用户编写的可执行Jar包,在本地客户端生成JobGraph,先看下flink生成并提交JobGraph的大致流程。
提交过程
- 首先,生成PackagedProgram。
- 接着,通过PackagedProgramUtils从PackagedProgram中提取JobGraph。
- 最后,通过ClusterDescriptor将JobGraph提交到集群中。
关于任务提交这部分可以参考flinkStreamSQL任务提交流程代码,比直接看源码要简单很多。此处,我参考flink1.8源码进行说明。
生成PackagedProgram
buildProgram通过提取命令行中传递的参数,将用户程序jarFile、程序参数programArgs、程序依赖的classpaths传递给PackagedProgram。entryPointClass如果不传递,可以通过程序解析出来。
CliFrontend#buildProgram
PackagedProgram buildProgram(ProgramOptions options) throws FileNotFoundException, ProgramInvocationException {
String[] programArgs = options.getProgramArgs();
String jarFilePath = options.getJarFilePath();
List<URL> classpaths = options.getClasspaths();
File jarFile = new File(jarFilePath);
// main方法类
String entryPointClass = options.getEntryPointClassName();
PackagedProgram program = entryPointClass == null ?
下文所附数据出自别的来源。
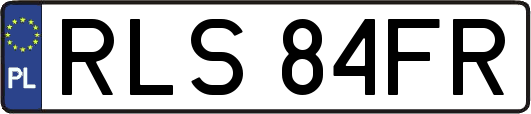 RLS84FR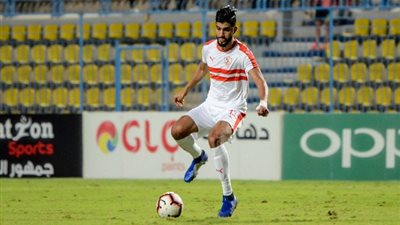 فرجاني ساسي يضيف الهدف الثاني للزمالك في شباك القطن التشادي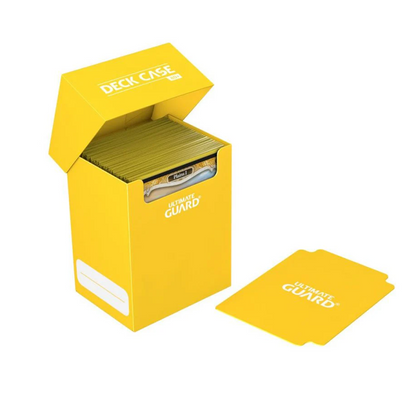Ultimate Guard - Deck Case Yellow 80+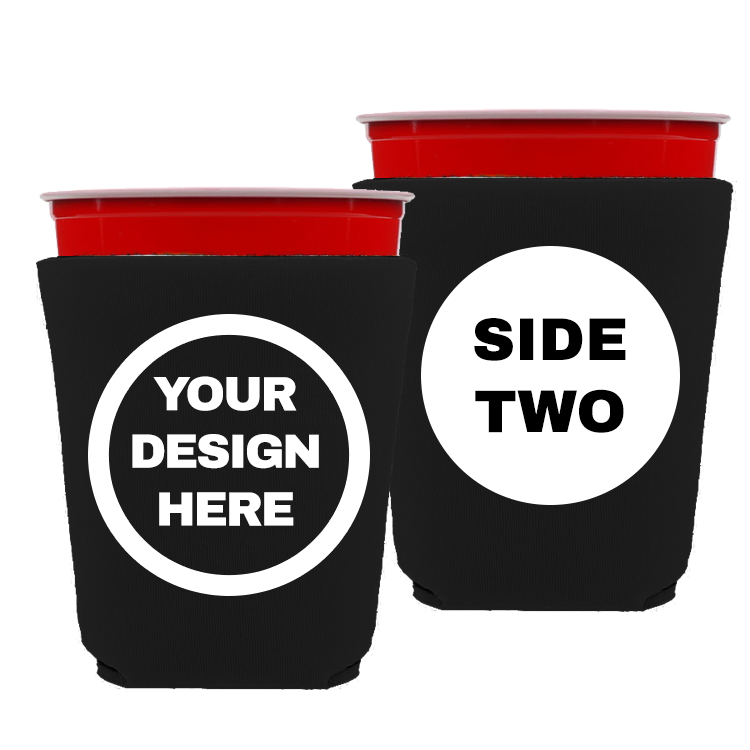 Solo Cup Foam - One Color, Double Side Print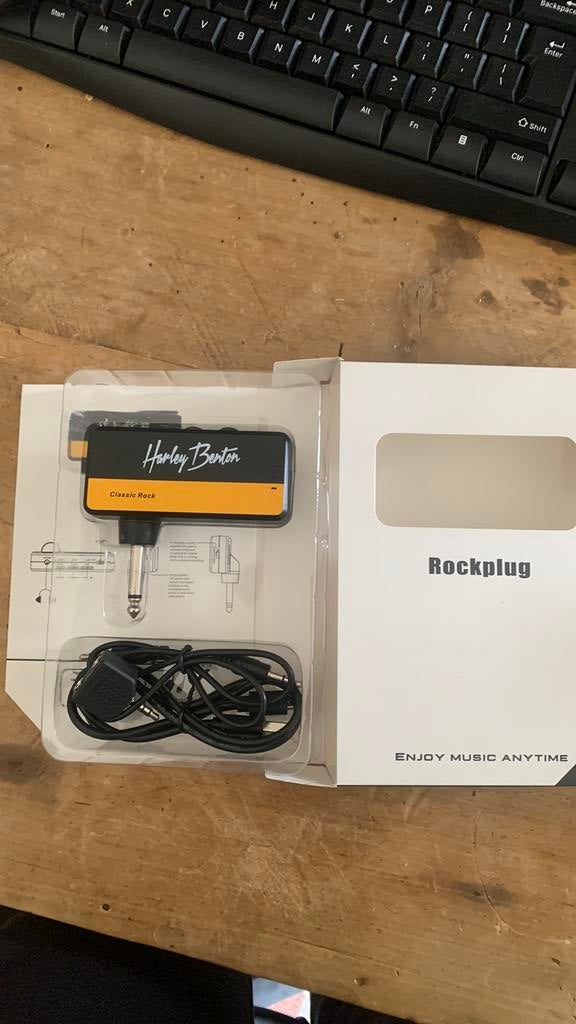 Rockplug Harley Benton, Enlèvement, Comme neuf, Volume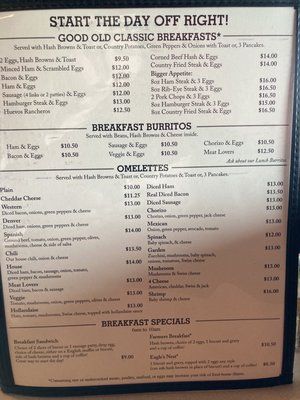 Menu photo 5 Laurie's Grill Bend, OR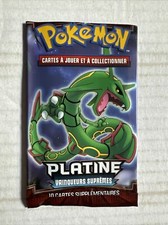 BOOSTER CARTE POKEMON VIDE /
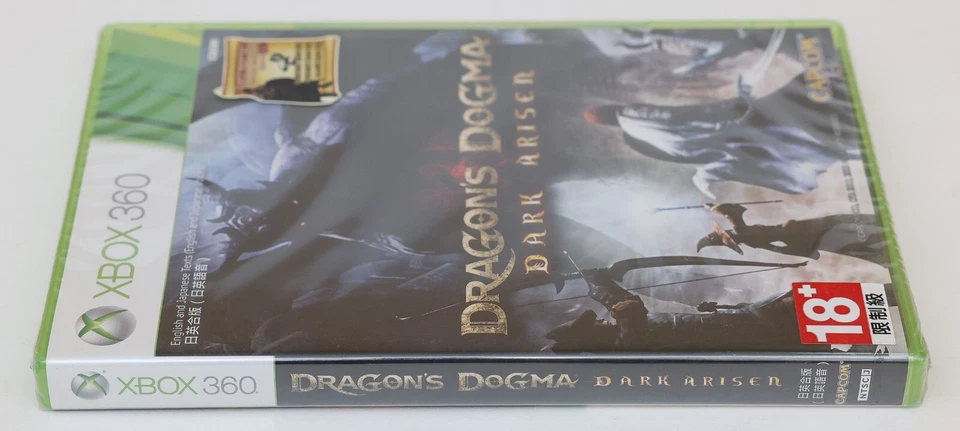 Dragon's Dogma Dark Arisen XBOX 360 NTSC-J Asian English Japanese Version - New - Image 3 of 4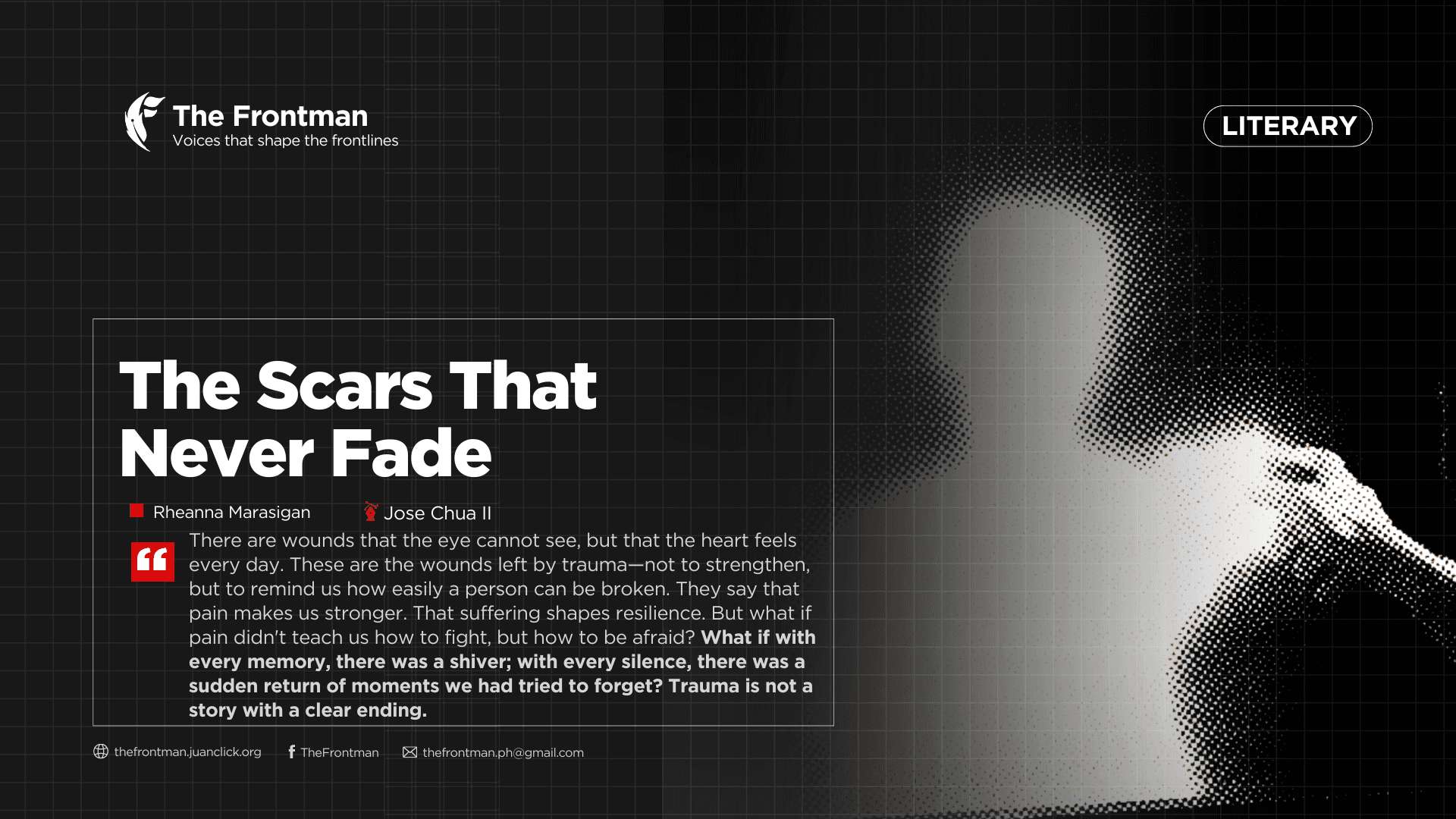 LITERARY | The Scars That Never Fade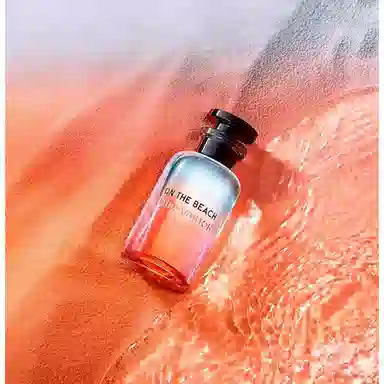 Louis Vuitton On The Beach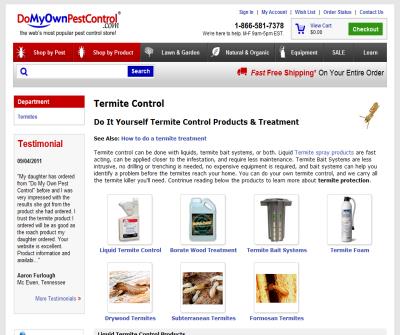 Do It Yourself Termite Control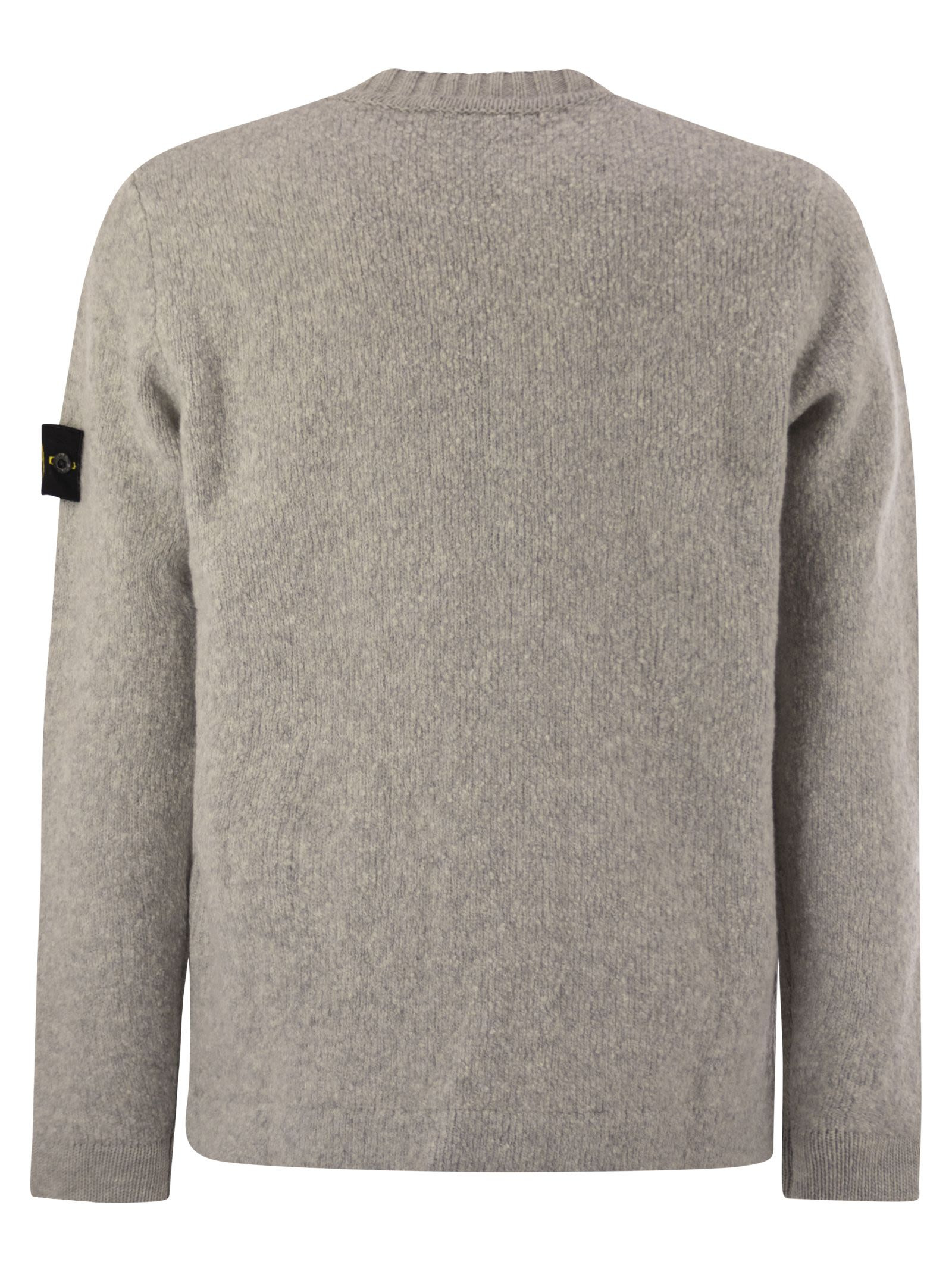 Stone Island Men Round-Neck Jumper With Gauzy Texture - 2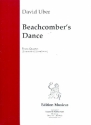 Beachcomber's Dance for 2 trumpets, 2 trombones or horn and trombone score and parts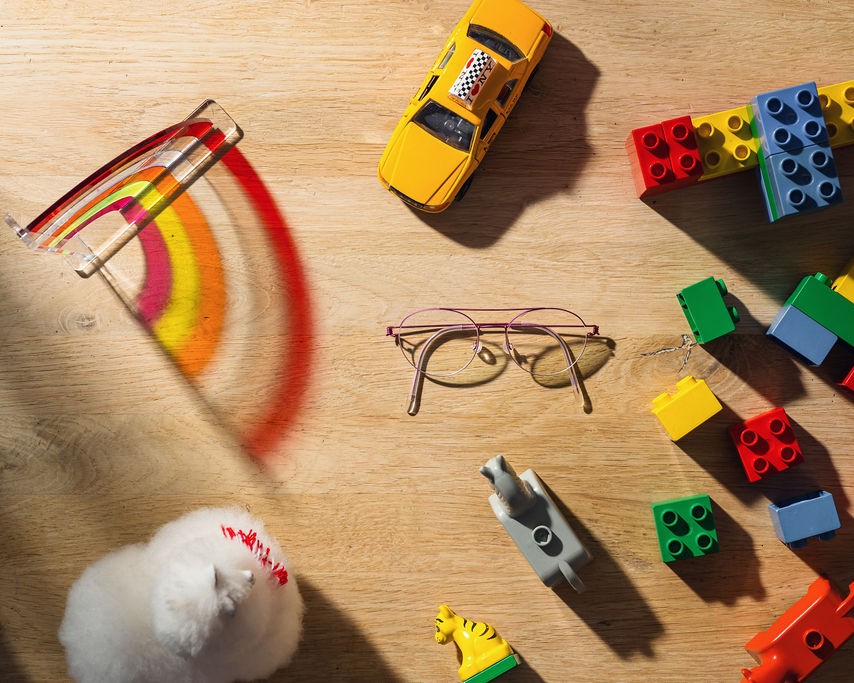 Sfeerbeeld kinderbrillenactie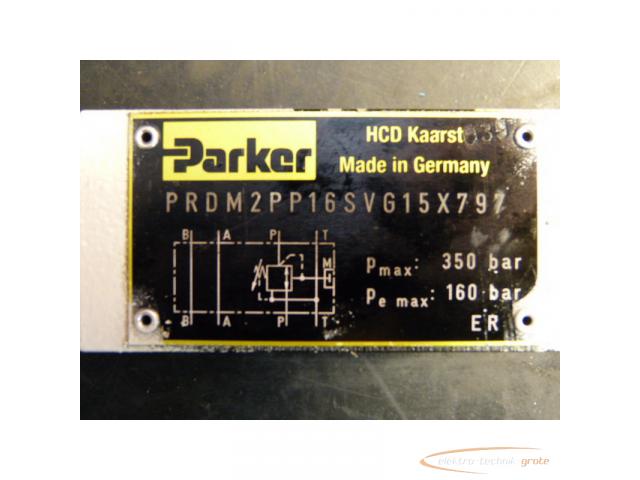 Parker PRDM2PP16SVG15X797 Hydraulikventil 350 bar - 2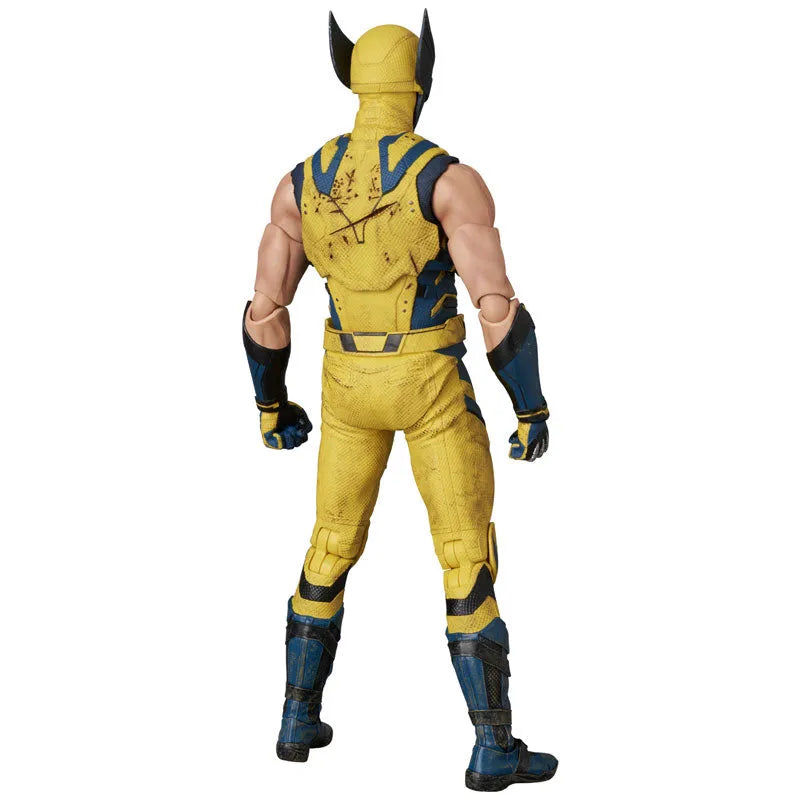 Deadpool & Wolverine - Wolverine - Mafex (No.291) - Damage Ver. (Medicom Toy)ㅤ – Medicom Toy – ActionFigureBrasil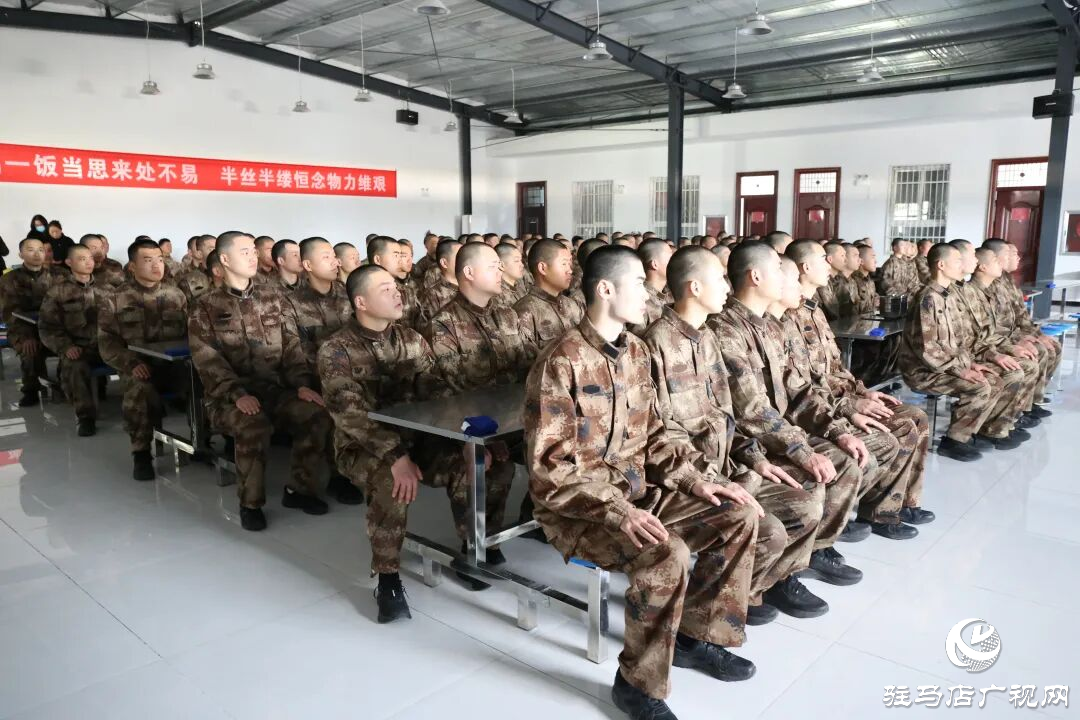 送法進(jìn)軍營 司法護(hù)航強(qiáng)軍新征程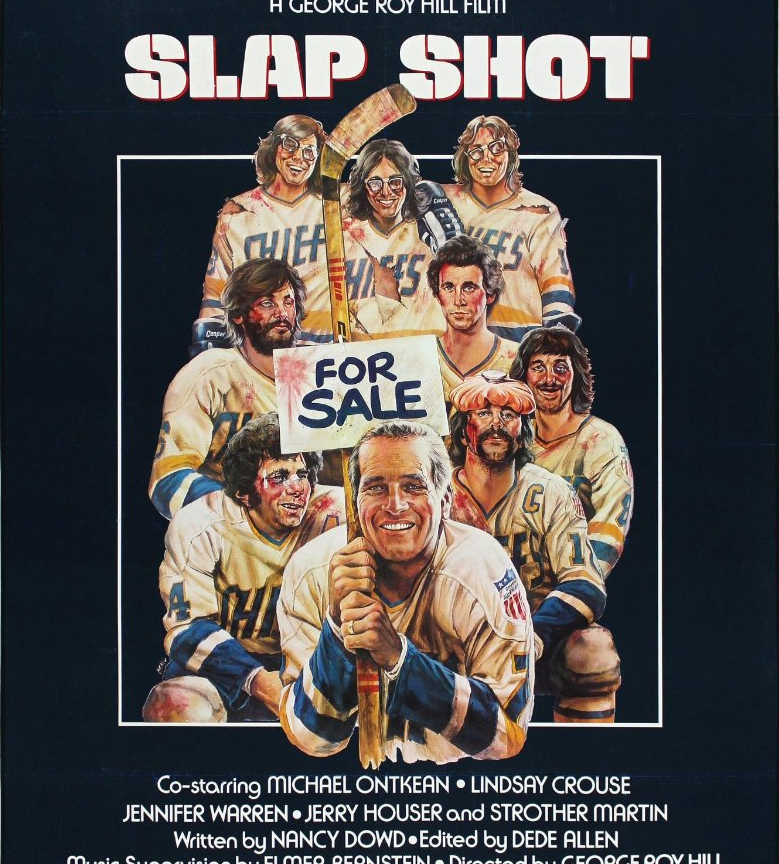 Slap Shot Poster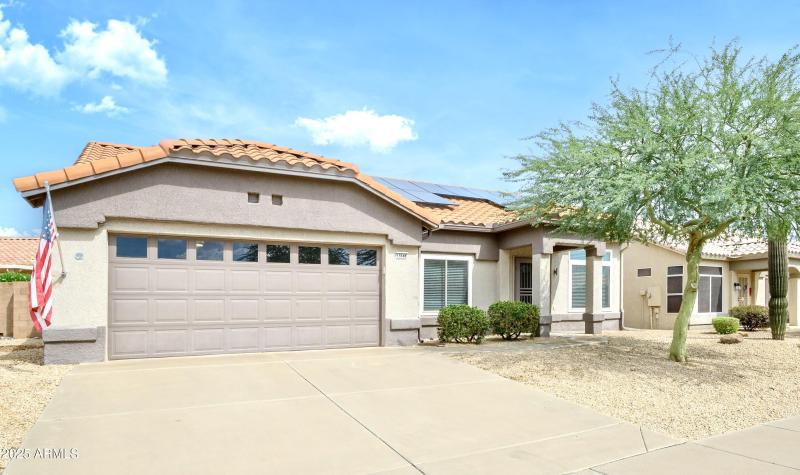 Desert Dream Home Exterior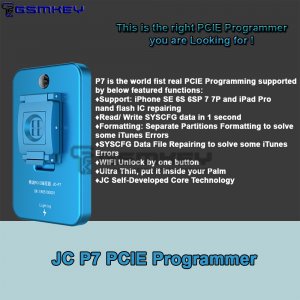 JC P7 PCIE NAND Programmer for iPhone SE / 6S / 6S Plus / 7 / 7 Plus, iPad Pro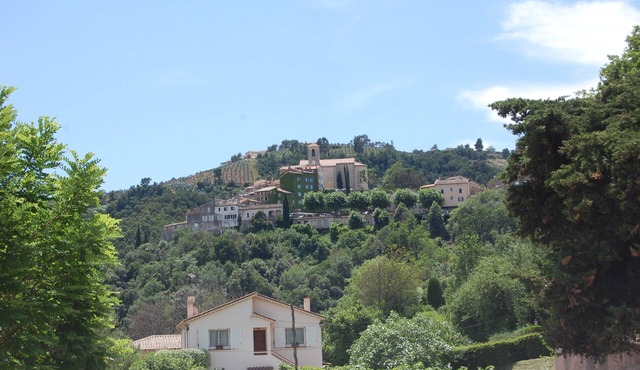 Independent cottage 4 people in Auribeau/Siagne with barbecue terrace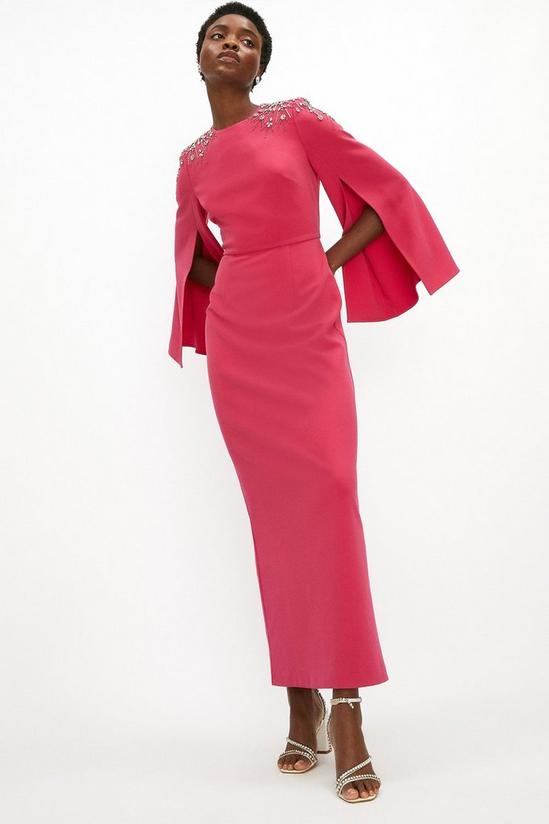 Coast Premium Split Sleeve Embellished Dress 2
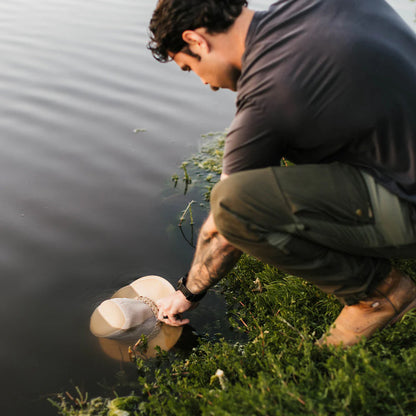 Dorfman Pacific Cooler Mesh Outback Hut - Natur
new PackagedProgram(jarFile, classpaths, programArgs) :
new PackagedProgram(jarFile, classpaths, entryPointClass, programArgs);
return program;
}
public PackagedProgram(File jarFile, List<URL> classpaths, @Nullable String entryPointClassName, String... args) throws ProgramInvocationException {
// 用户jar路径
URL jarFileUrl = jarFile.getAbsoluteFile().toURI().toURL();
this.jarFile = jarFileUrl;
this.args = args == null ? new String[0] : args;
// 如果没有传递entryPointClassName, 可以通过manifest提取
if (entryPointClassName == null) {
entryPointClassName = getEntryPointClassNameFromJar(jarFileUrl);
}
//抽取当前jar中包含的jar,包含/lib且名称以.jar结尾
this.extractedTempLibraries = extractContainedLibraries(jarFileUrl);
this.classpaths = classpaths;
// 使用FlinkUserCodeClassLoaders加载getAllLibraries中的jar
this.userCodeClassLoader = JobWithJars.buildUserCodeClassLoader(getAllLibraries(), classpaths, getClass().getClassLoader());
// 使用FlinkUserCodeClassLoaders加载器加载该类,然后切换回父类加载器
this.mainClass = loadMainClass(entryPointClassName, userCodeClassLoader);
// if the entry point is a program, instantiate the class and get the plan
if (Program.class.isAssignableFrom(this.mainClass)) {
Program prg = null;
try {
prg = InstantiationUtil.instantiate(this.mainClass.asSubclass(Program.class), Program.class);
} catch (Exception e) {
// validate that the class has a main method at least.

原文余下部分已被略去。